Opened 2 years ago

Closed 2 years ago

#33655 closed Cleanup/optimization (fixed)

Unnecessary column in a GROUP BY clause with QuerySet.exists()

Reported by: Marc Perrin Owned by: Marc Perrin
Component: Database layer (models, ORM) Version: 4.0
Severity: Normal Keywords: exists group by
Cc: Simon Charette Triage Stage: Ready for checkin
Has patch: yes Needs documentation: no
Needs tests: no Patch needs improvement: no
Easy pickings: no UI/UX: no

Description

I've got a question about the interaction between exists() and group by.

For example something like:

Manager.values('field').annotate(cnt=Count('id')).filter(cnt__gt=1).exists()

The corresp. query with PostgreSQL looks like this:

SELECT (1) AS "a"
FROM "app_model"
GROUP BY "app_model"."field", (1)
HAVING COUNT("app_model"."id") > 1
LIMIT 1

exists() (see https://github.com/django/django/blob/470708f50d8c13a50770893b8d7181f5218bf3ac/django/db/models/sql/query.py#L563) clears the SELECT clause and replaces it by (if I understand correctly) a hardcoded value 1 (as "a"), along with a limit of 1, which makes sense to me.

But get_group_by() (see https://github.com/django/django/blob/6b53114dd862ec97c282fdfdc83579cbd6d1560d/django/db/models/sql/compiler.py#L79) pushes this hardcoded value to the GROUP BY clause and we end up with the query above.

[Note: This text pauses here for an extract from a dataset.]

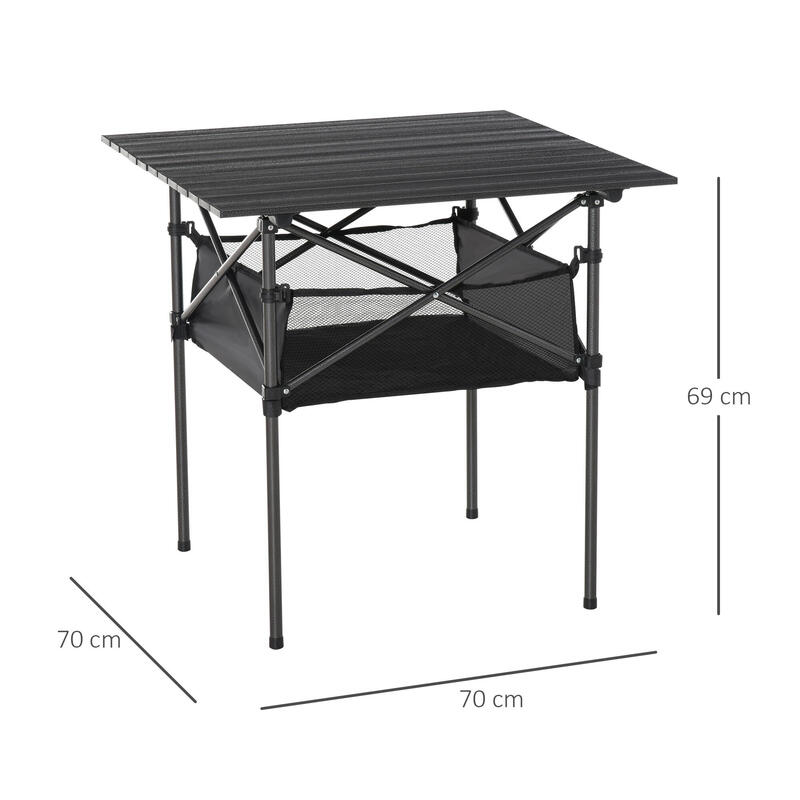 Mesa de camping plegable Outsunny negro 70x70x69 cm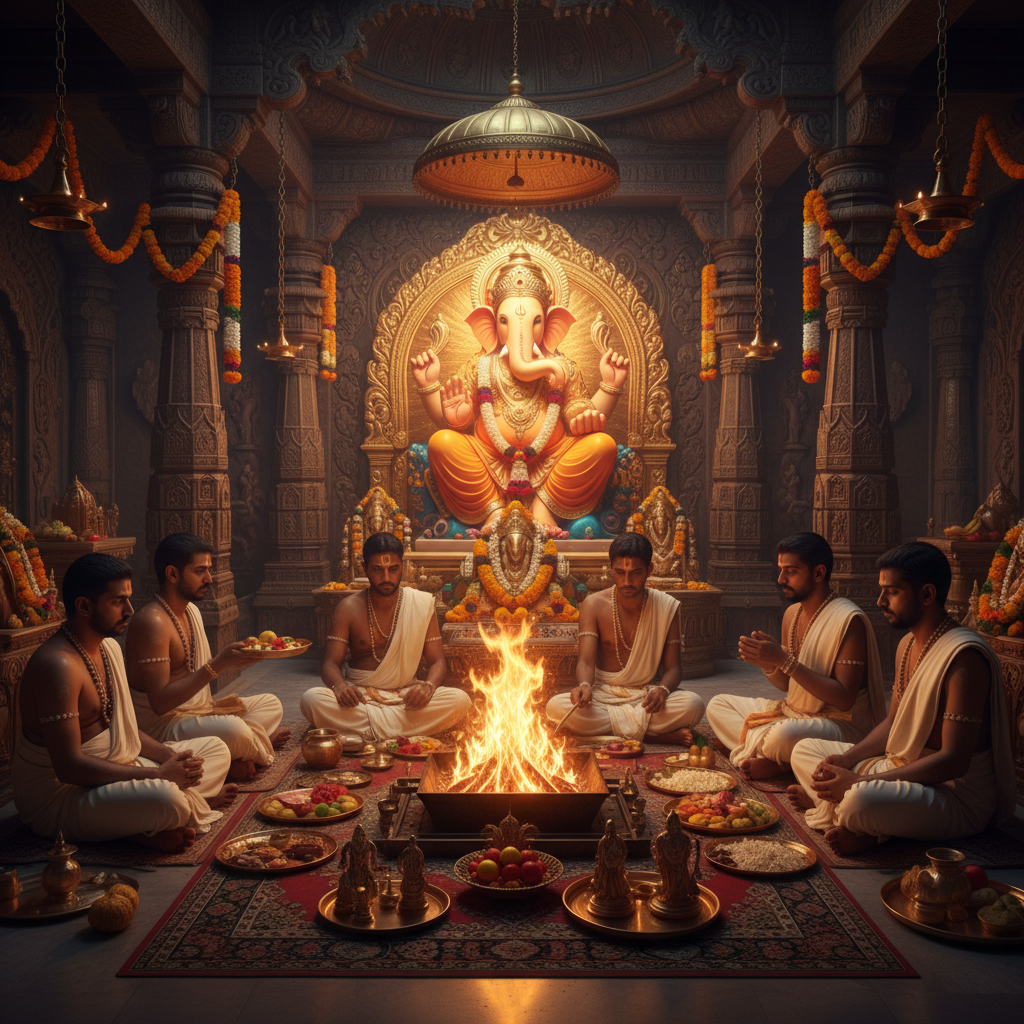 Puja at SiddhiVinayak Temple Mumbai-11 Avartan Shodashopchar Puja, Square image of  Puja with specific Lord visuals glowing in the background, 4–6 pandits sitting and performing pooja around a havan kund, traditional setup, spiritual atmosphere, high-quality.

Now, on PostgreSQL, that works, but to me it sounds like it works by luck/lucky robustness... and certainly the same query without the , (1) in the GROUP BY clause yields the same result.
The problem is that outside of PostgreSQL that GROUP BY clause can be downright invalid...
Note that if I alter exists() to use {'a': 2} instead of {'a': 1}, it does not work anymore (on PostgreSQL), because (2) in the SELECT clause means the hardcoded number 2 while (2) in the GROUP BY clause presumably (??) refers to the 2nd expr of the SELECT clause, but we only got one...

My feeling is that get_group_by() should avoid adding extra/raw sql (or at least extra/raw pure values, if we can detect that...) to the group by expressions?

NB: the existing/old ticket that seems most related to my question would probably be: https://code.djangoproject.com/ticket/24835

Change History (15)

comment:1 by Mariusz Felisiak, 2 years ago

Cc: Simon Charette added
Summary: Interaction between exists() and group byUnnecessary column in a GROUP BY clause with QuerySet.exists()
Triage Stage: UnreviewedAccepted
Type: UncategorizedCleanup/optimization

Thanks for the report. I agree that (1) is unnecessary in the GROUP BY clause unfortunately we cannot always remove constants from it because folks can use them as an alias for n-th column (as you already noticed). Maybe we could select only the first column from the GROUP BY clause instead:

  • django/db/models/sql/query.py

    diff --git a/django/db/models/sql/query.py b/django/db/models/sql/query.py
    index 64e7927f7a..940d3141d1 100644
    a b class Query(BaseExpression):  
    582582        q.clear_ordering(force=True)
    583583        if limit:
    584584            q.set_limits(high=1)
    585         q.add_extra({"a": 1}, None, None, None, None, None)
    586         q.set_extra_mask(["a"])
     585        if q.group_by and not q.select:
     586            q.add_select_col(q.group_by[0], "a")
     587        else:
     588            q.add_extra({"a": 1}, None , None, None, None, None)
     589            q.set_extra_mask(["a"])
    587590        return q
    588591
    589592    def has_results(self, using):

Tentatively accepted for future investigation.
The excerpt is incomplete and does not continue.